As of January 2011, [complainant] Halton and [defendant] Burkert had both worked as Union County correctional officers for more than twenty years. Halton served as a sergeant and also as the vice president of the Fraternal Order of Police (FOP), a union representing high-ranking corrections officers. Burkert served as a corrections officer and also as the treasurer of the Policemen's Benevolent Association (PBA), a union representing rank-and-file corrections officers.

The rivalry between those two unions evidently caused friction in their personal relationship. The tension became much more acute when Burkert learned that Halton's wife was posting derogatory comments about him and his family on a public internet forum. Halton's wife referred to Burkert and his two brothers—who also were corrections officers—as bullies. According to Burkert, the postings also described him as "fat" and one of his brothers as "quirky" and "kind of retarded."

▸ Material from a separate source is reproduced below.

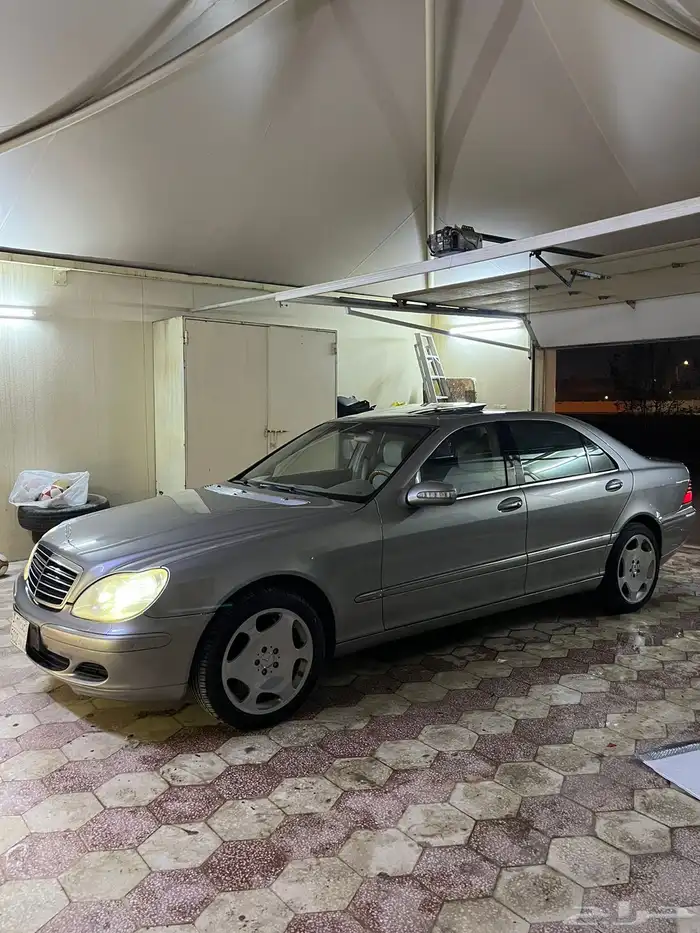 مارسيدس 2004 s600 (V12) 3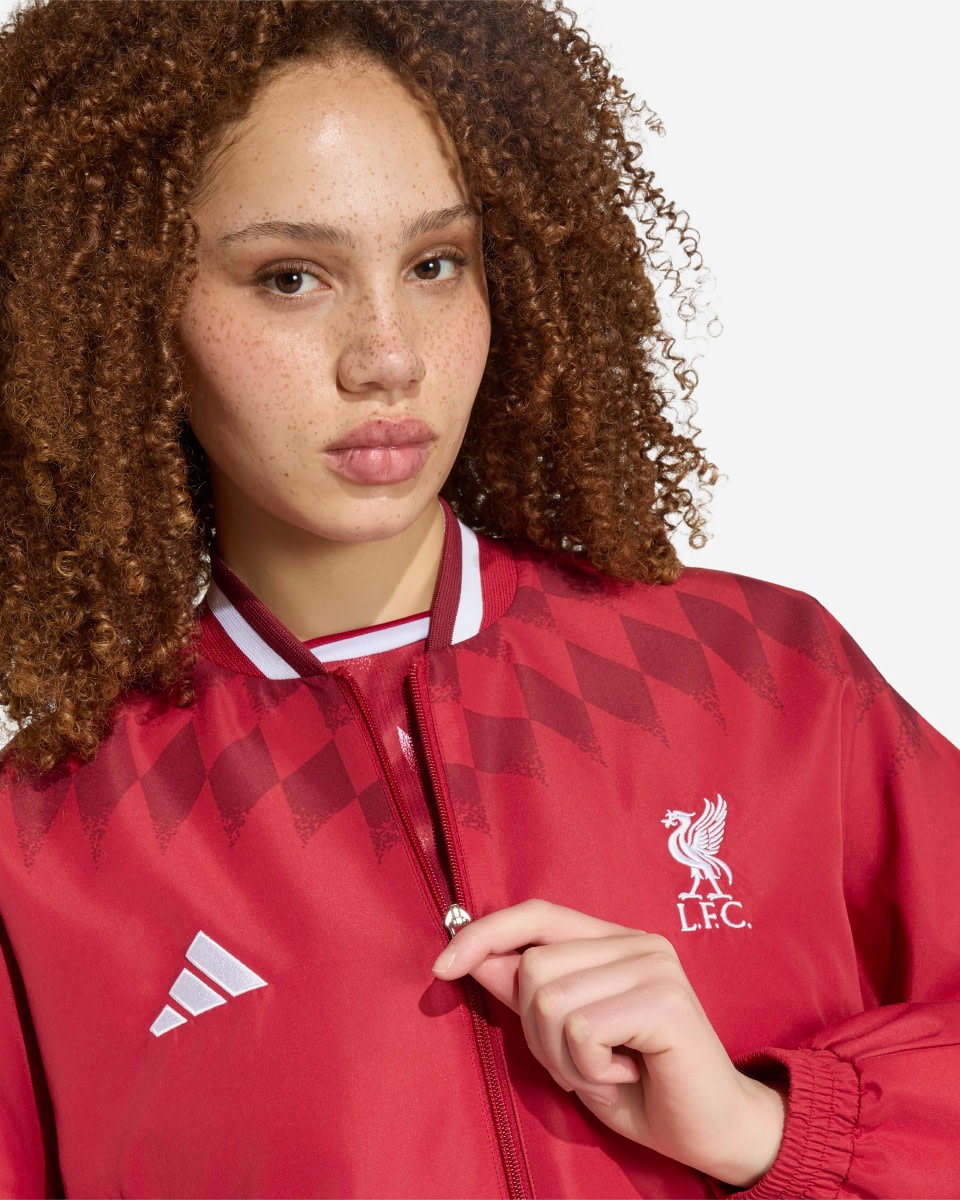 LFC adidas Stadion-Trainingsshirt für Damen 26/27, Active, Kastanienbraun - Image 4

Angered by the insulting online comments, Burkert retaliated. Burkert downloaded the Haltons' wedding photograph, which Halton's wife apparently had posted on a social media website. He then copied the photograph and made two flyers, writing lewd dialogue in speech bubbles over the faces of the bride and groom. On Flyer #1, over Halton's face were the words, "I know I'm a pussy with a little dick. Don't do the inmates please Laura," and over his wife's face were the words, "I wish you had a cock like the inmates." On Flyer #2, over Halton's face, the writing stated, "Fam, I got me another whore." According to Halton, "fam" is a term denoting the corrections officers as family, and the dialogue on the flyers obliquely referenced his prior wife, a former corrections officer who he claimed had relations with another officer and an inmate.

Halton testified that on January 8, 2011, at approximately 10:45 p.m., he arrived at the employee garage of the Union County Jail, parked his vehicle, and saw papers "blowing all over the place." He picked one up and discovered Flyer #1. Halton was offended and humiliated by the scurrilous writing over his wedding photograph. As he approached the gun locker area, Burkert and his brother … stood in his path. As he walked between them, Halton asked, "What's up," and Burkert replied, "You're what's up." Later, while Halton was working at the booking area, he received a call from Burkert. During their conversation, Burkert mentioned that Halton's wife had called him fat; Halton denied having any knowledge of it. When asked, Burkert denied knowing about the flyers. The conversation came to an inconclusive end.

The next day, January 9, when Halton arrived at work, a sergeant handed him Flyer #2, which the sergeant had found in the area of the officers' locker room. Halton identified the handwriting on both flyers as Burkert's.

On January 11, while Halton was off his usual schedule and engaged in union negotiations for the FOP, a lieutenant handed him Flyer #2, stating, "This came out the other night." The flyer was the same one turned over to Halton two days earlier. [Footnote: Lieutenant Patricia Mauko testified that she found twenty to thirty copies of one of the flyers during a routine inspection of the corrections officers' locker room on January 11.]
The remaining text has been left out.